**RECORDED DATA**.
------------------------------

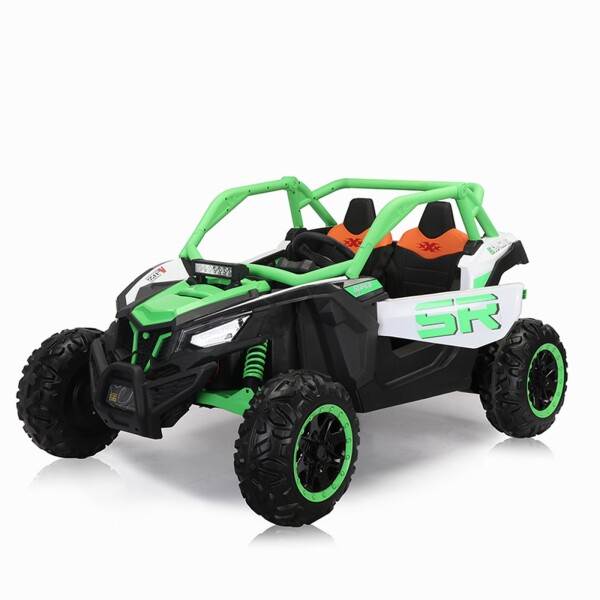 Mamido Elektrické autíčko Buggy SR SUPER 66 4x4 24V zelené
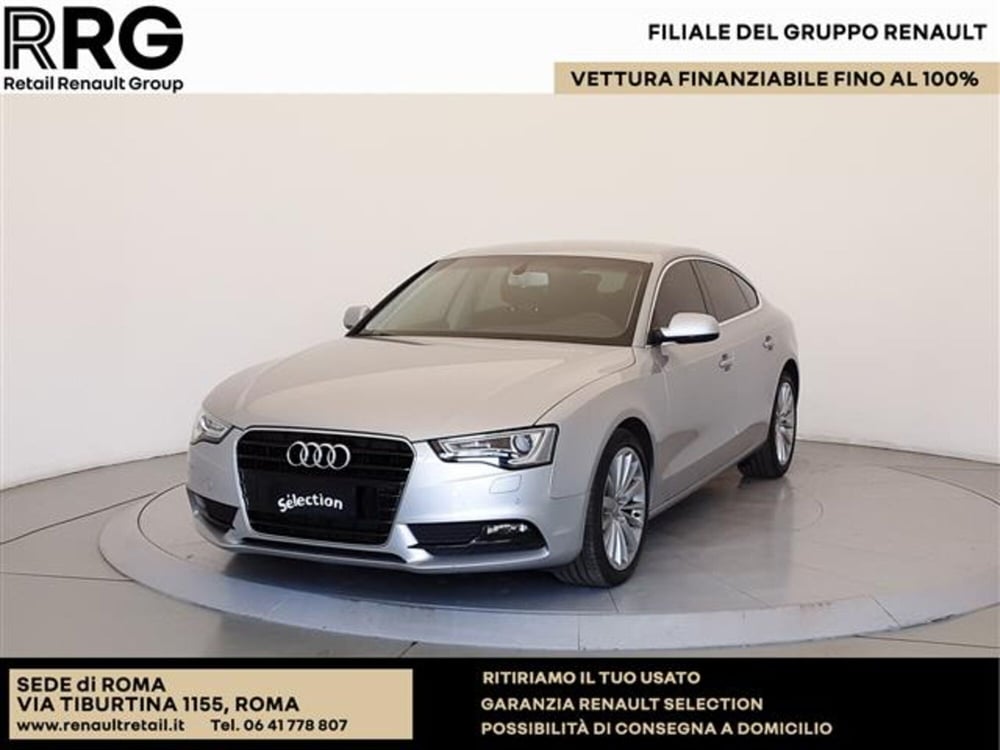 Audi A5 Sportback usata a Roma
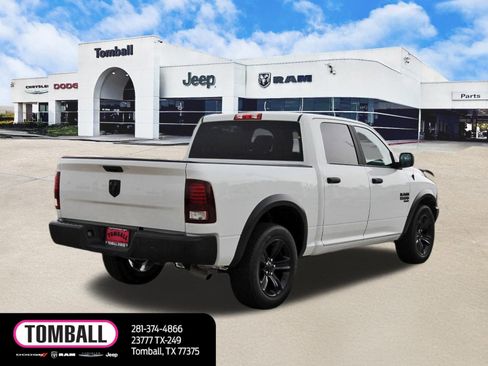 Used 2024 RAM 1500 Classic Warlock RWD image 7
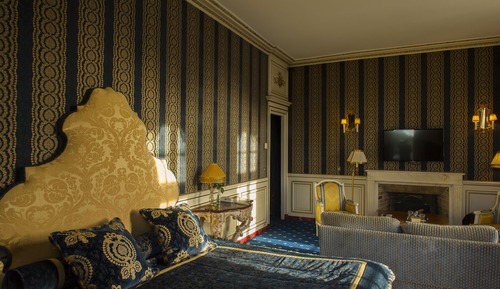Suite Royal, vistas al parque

------------------------------

**EXERCISE PROMPT**. Write the data above out again exactly, every line of it, and exclude the pictures.

**WRITTEN SOLUTION**.
 Mamido Elektrické autíčko Buggy SR SUPER 66 4x4 24V zelené
 Audi A5 Sportback usata a Roma
 Used 2024 RAM 1500 Classic Warlock RWD image 7
Suite Royal, vistas al parque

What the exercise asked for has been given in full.